Mayor of Waterloo, Ontario
- In office 1929–1930
- Preceded by: William D. Brill
- Succeeded by: William Uffelman

Personal details
- Born: September 13, 1868 Wilmot, Ontario, Canada
- Died: June 11, 1947 (aged 78) Kitchener, Ontario, Canada
- Occupation: Politician, Businessman

= Louis Dietrich =

Canadian politician

Louis Frederick Dietrich (September 13, 1868 - June 11, 1947) was an automobile dealer and politician in Ontario, Canada. He served as mayor of Waterloo from 1929 to 1930.

== Life and career ==
Dietrich was born to German-Canadian parents Gregor Dietrich (1842—1906) and Emelia Doll (1843—1913) in St.

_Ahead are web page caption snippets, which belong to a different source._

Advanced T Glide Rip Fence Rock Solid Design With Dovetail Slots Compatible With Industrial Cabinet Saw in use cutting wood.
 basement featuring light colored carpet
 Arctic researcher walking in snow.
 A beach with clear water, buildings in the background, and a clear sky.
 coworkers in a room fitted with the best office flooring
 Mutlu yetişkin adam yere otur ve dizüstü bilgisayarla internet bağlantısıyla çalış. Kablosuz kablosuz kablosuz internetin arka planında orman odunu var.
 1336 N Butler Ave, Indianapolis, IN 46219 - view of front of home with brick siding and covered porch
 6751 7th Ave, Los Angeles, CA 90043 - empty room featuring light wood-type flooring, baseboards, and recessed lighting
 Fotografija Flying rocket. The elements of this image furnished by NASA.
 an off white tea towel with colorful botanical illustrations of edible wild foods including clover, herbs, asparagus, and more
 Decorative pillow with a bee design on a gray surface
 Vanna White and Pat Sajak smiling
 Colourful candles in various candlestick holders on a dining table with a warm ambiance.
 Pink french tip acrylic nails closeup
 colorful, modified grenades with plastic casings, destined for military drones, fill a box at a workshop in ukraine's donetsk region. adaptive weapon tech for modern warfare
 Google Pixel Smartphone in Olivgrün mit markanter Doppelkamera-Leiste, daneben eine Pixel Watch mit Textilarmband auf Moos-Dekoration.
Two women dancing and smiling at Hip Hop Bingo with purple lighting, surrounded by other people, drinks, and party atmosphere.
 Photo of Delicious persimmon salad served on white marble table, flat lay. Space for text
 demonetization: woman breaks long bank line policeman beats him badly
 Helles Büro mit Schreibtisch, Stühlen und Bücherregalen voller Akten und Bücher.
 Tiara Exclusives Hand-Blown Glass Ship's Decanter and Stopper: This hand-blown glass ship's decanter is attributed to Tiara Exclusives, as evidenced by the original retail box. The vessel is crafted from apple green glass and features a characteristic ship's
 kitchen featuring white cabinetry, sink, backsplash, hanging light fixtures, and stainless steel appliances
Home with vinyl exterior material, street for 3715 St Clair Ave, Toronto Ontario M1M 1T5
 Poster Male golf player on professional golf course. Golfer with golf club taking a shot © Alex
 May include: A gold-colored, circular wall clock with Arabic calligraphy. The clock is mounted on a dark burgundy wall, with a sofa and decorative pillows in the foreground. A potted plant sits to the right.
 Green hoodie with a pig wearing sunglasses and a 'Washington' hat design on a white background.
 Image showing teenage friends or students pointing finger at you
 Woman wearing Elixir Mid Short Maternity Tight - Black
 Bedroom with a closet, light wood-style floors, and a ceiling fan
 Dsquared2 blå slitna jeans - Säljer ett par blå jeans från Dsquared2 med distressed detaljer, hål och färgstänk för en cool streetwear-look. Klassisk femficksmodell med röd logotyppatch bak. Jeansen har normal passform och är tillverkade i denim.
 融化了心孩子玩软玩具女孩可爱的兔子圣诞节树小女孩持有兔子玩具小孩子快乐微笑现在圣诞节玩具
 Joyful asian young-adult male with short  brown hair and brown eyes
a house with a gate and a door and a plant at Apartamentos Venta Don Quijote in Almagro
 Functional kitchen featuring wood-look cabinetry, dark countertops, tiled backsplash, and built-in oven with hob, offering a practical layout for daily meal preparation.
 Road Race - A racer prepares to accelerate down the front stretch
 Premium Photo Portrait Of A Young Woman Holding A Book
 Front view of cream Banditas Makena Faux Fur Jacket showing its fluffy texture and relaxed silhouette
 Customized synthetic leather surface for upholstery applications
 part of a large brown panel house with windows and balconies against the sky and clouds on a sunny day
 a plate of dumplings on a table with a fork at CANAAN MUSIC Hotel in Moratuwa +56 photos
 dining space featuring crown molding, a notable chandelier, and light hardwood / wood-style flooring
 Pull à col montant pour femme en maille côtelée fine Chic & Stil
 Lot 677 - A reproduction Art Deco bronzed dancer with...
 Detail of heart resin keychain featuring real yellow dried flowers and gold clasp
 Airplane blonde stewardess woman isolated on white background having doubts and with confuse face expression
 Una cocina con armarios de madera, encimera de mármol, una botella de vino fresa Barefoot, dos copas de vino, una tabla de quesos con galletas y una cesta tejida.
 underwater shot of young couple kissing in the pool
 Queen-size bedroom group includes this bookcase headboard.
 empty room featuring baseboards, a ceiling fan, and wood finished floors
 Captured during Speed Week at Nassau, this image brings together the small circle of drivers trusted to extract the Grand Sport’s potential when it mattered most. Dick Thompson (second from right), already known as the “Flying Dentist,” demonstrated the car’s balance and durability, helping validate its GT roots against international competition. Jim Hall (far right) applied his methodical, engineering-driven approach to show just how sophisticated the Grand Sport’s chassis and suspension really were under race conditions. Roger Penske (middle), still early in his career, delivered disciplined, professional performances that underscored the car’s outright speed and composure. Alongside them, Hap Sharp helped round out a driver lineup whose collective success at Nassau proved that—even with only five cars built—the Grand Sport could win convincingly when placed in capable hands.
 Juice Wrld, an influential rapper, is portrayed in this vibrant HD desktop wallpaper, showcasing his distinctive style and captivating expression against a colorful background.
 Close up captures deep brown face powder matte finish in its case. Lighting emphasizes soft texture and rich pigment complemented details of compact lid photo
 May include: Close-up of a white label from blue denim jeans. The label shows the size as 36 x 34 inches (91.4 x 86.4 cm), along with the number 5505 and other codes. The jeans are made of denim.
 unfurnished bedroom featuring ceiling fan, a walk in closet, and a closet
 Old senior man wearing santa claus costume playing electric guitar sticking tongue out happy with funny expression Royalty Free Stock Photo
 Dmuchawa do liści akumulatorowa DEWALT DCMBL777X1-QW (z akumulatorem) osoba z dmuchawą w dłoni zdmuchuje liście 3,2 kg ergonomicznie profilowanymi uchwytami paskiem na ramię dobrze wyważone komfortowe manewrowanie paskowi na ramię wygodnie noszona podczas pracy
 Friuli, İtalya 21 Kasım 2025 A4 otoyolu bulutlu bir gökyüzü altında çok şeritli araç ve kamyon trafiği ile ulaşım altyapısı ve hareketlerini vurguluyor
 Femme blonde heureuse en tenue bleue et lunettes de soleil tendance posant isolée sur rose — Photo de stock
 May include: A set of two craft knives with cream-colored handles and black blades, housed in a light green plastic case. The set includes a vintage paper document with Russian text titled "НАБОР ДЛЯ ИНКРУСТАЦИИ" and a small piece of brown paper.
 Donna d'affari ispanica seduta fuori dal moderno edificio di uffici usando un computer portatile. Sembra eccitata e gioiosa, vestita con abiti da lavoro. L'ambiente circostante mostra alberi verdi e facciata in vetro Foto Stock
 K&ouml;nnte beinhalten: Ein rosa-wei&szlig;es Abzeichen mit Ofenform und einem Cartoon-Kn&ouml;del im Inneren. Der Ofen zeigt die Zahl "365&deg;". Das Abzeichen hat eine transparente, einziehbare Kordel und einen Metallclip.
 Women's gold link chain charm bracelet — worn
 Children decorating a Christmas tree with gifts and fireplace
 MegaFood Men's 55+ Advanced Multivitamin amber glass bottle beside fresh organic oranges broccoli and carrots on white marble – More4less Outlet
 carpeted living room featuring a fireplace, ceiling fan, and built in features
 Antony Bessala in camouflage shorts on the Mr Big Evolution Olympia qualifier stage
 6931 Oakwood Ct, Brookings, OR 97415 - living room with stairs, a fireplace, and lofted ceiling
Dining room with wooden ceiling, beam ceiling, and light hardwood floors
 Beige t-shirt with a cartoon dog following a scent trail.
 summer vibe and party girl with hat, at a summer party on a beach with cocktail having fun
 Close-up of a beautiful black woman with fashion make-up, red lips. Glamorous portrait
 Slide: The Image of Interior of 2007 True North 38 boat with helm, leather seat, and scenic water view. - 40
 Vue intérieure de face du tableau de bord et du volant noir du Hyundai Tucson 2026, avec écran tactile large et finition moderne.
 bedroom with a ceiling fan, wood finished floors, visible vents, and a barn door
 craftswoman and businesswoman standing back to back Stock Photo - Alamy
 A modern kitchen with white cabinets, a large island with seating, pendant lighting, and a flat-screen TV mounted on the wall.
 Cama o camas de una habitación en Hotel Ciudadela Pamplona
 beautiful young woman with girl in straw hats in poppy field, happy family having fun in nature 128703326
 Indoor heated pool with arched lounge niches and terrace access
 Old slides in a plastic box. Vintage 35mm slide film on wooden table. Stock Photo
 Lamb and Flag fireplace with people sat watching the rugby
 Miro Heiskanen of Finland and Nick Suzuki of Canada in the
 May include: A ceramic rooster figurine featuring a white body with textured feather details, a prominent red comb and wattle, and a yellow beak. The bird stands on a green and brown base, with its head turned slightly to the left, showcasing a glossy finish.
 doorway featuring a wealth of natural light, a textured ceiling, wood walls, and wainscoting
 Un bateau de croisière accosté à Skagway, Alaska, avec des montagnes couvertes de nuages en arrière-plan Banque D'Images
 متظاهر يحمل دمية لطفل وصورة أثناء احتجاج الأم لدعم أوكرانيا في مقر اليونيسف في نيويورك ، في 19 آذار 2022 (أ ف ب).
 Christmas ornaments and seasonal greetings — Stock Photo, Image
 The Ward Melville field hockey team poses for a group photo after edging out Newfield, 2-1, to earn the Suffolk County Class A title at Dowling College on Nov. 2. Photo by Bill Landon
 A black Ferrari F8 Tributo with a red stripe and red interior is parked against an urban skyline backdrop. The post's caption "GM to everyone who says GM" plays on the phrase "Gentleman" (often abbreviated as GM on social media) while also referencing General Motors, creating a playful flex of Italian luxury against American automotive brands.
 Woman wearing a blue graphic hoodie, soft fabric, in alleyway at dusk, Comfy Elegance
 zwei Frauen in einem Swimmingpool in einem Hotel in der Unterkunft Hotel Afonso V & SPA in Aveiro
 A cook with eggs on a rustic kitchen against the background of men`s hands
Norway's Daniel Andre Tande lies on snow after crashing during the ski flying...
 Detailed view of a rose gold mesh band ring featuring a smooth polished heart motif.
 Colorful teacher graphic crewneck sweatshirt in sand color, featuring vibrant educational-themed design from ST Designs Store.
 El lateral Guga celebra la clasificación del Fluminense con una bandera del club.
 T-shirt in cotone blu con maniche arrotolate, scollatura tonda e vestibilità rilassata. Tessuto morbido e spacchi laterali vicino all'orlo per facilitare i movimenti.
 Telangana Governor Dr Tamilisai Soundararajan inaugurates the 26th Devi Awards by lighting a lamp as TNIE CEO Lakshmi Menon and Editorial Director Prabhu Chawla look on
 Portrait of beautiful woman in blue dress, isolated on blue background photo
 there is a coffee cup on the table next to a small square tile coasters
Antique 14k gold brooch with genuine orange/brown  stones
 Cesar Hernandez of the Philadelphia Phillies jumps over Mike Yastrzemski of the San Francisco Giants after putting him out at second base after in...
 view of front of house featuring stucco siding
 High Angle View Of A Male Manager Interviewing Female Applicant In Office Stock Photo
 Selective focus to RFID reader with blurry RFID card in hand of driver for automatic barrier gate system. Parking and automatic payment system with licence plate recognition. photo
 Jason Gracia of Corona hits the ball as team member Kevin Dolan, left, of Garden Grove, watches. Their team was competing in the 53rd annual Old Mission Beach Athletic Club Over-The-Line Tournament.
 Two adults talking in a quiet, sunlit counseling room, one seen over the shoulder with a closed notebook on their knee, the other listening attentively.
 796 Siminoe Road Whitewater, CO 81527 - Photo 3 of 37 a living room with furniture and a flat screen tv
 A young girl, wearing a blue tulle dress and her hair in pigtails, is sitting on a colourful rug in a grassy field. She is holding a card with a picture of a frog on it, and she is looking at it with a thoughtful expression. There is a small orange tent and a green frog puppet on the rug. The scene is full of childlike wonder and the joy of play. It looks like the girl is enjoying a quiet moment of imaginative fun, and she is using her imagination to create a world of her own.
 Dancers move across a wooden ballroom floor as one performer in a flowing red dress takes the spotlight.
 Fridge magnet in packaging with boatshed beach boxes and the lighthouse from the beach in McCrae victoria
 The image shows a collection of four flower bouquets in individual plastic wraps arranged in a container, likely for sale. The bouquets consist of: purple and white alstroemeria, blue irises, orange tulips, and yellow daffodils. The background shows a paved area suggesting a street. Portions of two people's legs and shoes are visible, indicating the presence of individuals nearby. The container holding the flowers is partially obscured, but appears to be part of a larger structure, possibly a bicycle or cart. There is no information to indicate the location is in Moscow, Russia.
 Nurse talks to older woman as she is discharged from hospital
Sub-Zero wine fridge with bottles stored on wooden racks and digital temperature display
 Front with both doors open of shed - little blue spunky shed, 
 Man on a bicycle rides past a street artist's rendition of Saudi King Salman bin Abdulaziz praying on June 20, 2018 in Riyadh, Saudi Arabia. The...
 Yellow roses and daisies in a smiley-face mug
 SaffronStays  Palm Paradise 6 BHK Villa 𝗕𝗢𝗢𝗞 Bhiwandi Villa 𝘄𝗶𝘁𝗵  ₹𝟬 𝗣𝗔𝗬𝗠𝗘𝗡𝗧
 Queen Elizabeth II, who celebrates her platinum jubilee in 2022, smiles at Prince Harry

Agatha. Around 1888, he apprenticed as a blacksmith in Baden and set up shop in his hometown in 1892. In 1893, he became a dealer for John Deere farm implements. In 1909, he moved to Waterloo and, two years later, he became a dealer for International Harvester. In 1915, he became a dealer for the Ford Motor Company. The following year, Dietrich became a Dodge franchisee.

He served on Waterloo council from 1922 to 1928. During his term as mayor, the Kitchener-Waterloo Municipal Airport was opened.

He died in 1947 in Kitchener, in Waterloo Region.